Approximate tensor-product preconditioners for very high order discontinuous Galerkin methods

In this paper, we develop a new tensor-product based preconditioner for discontinuous Galerkin methods with polynomial degrees higher than those typically employed. This preconditioner uses an automatic, purely algebraic method to approximate the exact block Jacobi preconditioner by Kronecker products of several small, one-dimensional matrices. Traditional matrix-based preconditioners require $\mathcal{O}(p^{2d})$ storage and $\mathcal{O}(p^{3d})$ computational work, where $p$ is the degree of basis polynomials used, and $d$ is the spatial dimension. Our SVD-based tensor-product preconditioner requires $\mathcal{O}(p^{d+1})$ storage, $\mathcal{O}(p^{d+1})$ work in two spatial dimensions, and $\mathcal{O}(p^{d+2})$ work in three spatial dimensions.
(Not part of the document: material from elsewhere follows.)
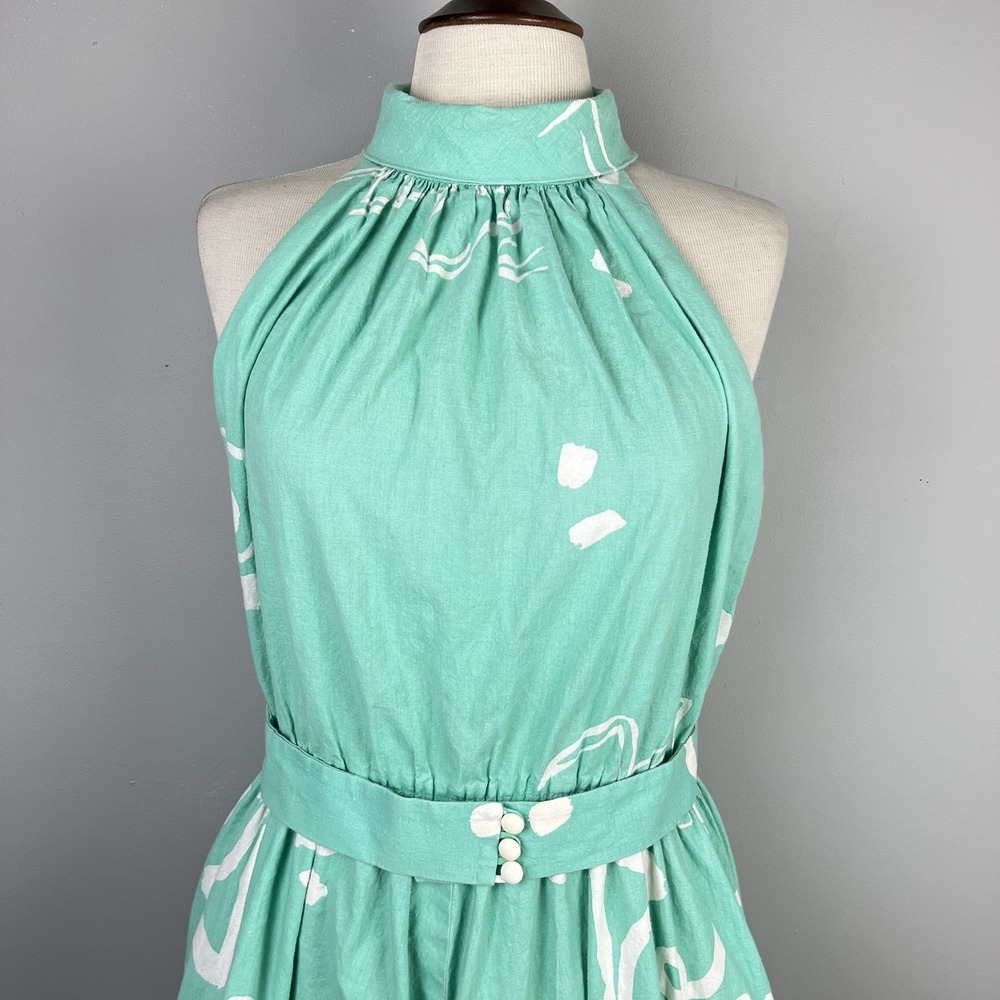 Vintage 80s Lanz Originals Halter Dress Womens 14 Aqua Green Belted Cotton - Picture 5 of 9
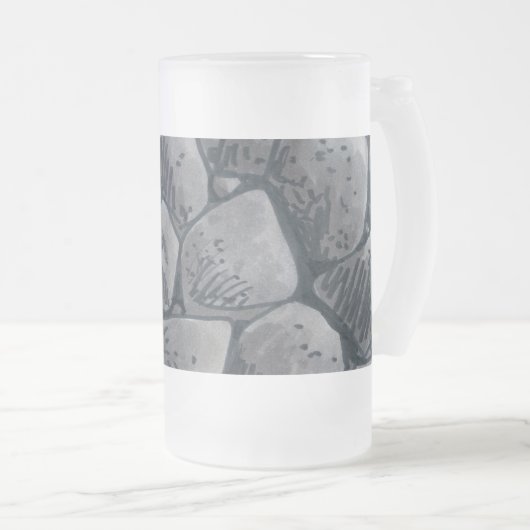 石炭すり付きマグカップの塊 フロストグラスビールジョッキ (正面右)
Combined with a matrix-free Newton-Krylov solver, these preconditioners allow for the solution of DG systems in linear time in $p$ per degree of freedom in 2D, and reduce the computational complexity from $\mathcal{O}(p^9)$ to $\mathcal{O}(p^5)$ in 3D. Numerical results are shown in 2D and 3D for the advection and Euler equations, using polynomials of degree up to $p=15$. For many test cases, the preconditioner results in similar iteration counts when compared with the exact block Jacobi preconditioner, and performance is significantly improved for high polynomial degrees $p$.